David had previously been approached by a design student, Andrew White, for some suggestions for a University design project with a Magical theme. David suggested he build a half scale model of Houdini's famous Water Torture Cell. Eventually the project was completed, Andrew got his good grades, and David purchased the model for future use in the Houdini exhibit.

The model had been kept in a London warehouse for about six years, until David and myself carefully unwrapped it. It was in two packages. One contained the model of the Torture Cell, a fiberglass Houdini and an aquarium water pump for the rising bubbles. The other, very heavy package, contained the inner glass tank, which slid in front of the Houdini model, to give the impression of him being submerged.

After we assembled it in the warehouse, we remarked on how good a model it was. All the metalwork looked authentic, and the fiberglass Houdini was very lifelike. We decided that it would be nice to animate the feet on top of the Cell, and if possible, illuminate the inside with colour changing lights.

The whole thing was re-packaged and transported to my workshop in Northampton. My first task was to design and build some device to animate the feet. This took three weeks! I had about 4 prototypes, made with plastic and wood from a model supplies shop, until I was happy with the operation. I then built the final unit from good quality brass, with an industrial electric motor and specially made offset cam, to give the feet their erratic movement. The whole device was fitted into the top of the Cell, and operated with a 12 volt power supply.

Next the internal lighting. This was designed and built by a local company, Coe-Tech, who normally design and build theatrical lighting. In fact they supplied all the special effect lighting for the last Batman movie. A new design of fiber optic cable was fed into 4 holes at top and bottom of the Torture Cell. The 8 ends of cable all terminated into the front of a custom built projector with colour changing wheel (green and blue). This projector was built into a plinth on which the whole model stood. A timer device was installed which not only started the lighting sequence, but also controlled the pump which supplied the bubbles, through clear plastic tubes, and of course, the moving feet.

The whole thing was assembled, the glass tank filled with water and the power switched on. It all worked first time!

During our planning, I mentioned to David that I had a copy of the recording of Houdini's voice taken from a wax cylinder. A friend designed and built a digital recording device so that we could play back the recording any time we wanted to. David purchased this device, and to make it seem authentic in the exhibit, he also purchased a replica Edison Phonograph.

We were ready to take everything to the Magic Circle and set up the display.

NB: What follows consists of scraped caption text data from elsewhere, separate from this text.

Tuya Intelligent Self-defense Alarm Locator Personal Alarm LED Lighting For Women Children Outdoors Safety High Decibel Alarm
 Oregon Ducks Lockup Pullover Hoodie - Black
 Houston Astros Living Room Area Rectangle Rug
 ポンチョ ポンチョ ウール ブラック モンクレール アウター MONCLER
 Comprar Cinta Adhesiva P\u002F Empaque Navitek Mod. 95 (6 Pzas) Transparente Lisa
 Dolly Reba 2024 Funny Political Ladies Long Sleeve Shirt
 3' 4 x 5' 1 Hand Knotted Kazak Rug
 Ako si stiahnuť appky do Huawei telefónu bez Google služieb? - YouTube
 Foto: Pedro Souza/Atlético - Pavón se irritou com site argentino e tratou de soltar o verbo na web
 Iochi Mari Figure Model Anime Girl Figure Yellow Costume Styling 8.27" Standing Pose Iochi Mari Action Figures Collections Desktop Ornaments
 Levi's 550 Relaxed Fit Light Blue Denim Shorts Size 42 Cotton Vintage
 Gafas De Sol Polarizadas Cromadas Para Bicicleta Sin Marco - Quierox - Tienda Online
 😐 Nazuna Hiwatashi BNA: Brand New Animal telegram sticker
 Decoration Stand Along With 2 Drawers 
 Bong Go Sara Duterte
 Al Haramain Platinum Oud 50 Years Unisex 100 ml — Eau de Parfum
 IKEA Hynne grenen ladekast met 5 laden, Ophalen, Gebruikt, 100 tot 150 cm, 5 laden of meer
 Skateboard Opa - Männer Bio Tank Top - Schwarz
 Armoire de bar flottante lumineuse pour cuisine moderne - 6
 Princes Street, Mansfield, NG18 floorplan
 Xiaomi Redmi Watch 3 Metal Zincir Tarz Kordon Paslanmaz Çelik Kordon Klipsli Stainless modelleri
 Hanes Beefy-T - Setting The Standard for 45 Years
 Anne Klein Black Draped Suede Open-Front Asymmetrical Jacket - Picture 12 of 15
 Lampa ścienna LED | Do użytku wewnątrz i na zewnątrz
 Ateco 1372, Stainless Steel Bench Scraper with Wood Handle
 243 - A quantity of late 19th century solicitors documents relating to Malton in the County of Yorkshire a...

I made some display panels using old handcuffs and keys, and together with a few posters and photographs, we had quite a full cabinet.

Apart from the Water Torture Cell, the cabinet contained an original strait-jacket, used by Tony Curtis in the famous "Houdini" movie. This had been in the Magic Circle's collection for many years, and was now ready for display.

David and myself arranged the exhibits, alongside an unusual painting of Houdini hanging from the jib of a crane, painted by a local artist.

The whole exhibit is now in place, and getting some very good responses from all who experience it. Recently, all the display cabinets in the building were auctioned for sponsorship, and the Houdini exhibit is now sponsored by Jim Marshall, head of the Marshall Amplification Company, whose name can be seen on the equipment of many rock stars around the world.

This exhibit, the brainchild of David Berglas is now complete, and without his financial assistance and guidance, would never have been possible.

I am honoured and proud to have been a part of it.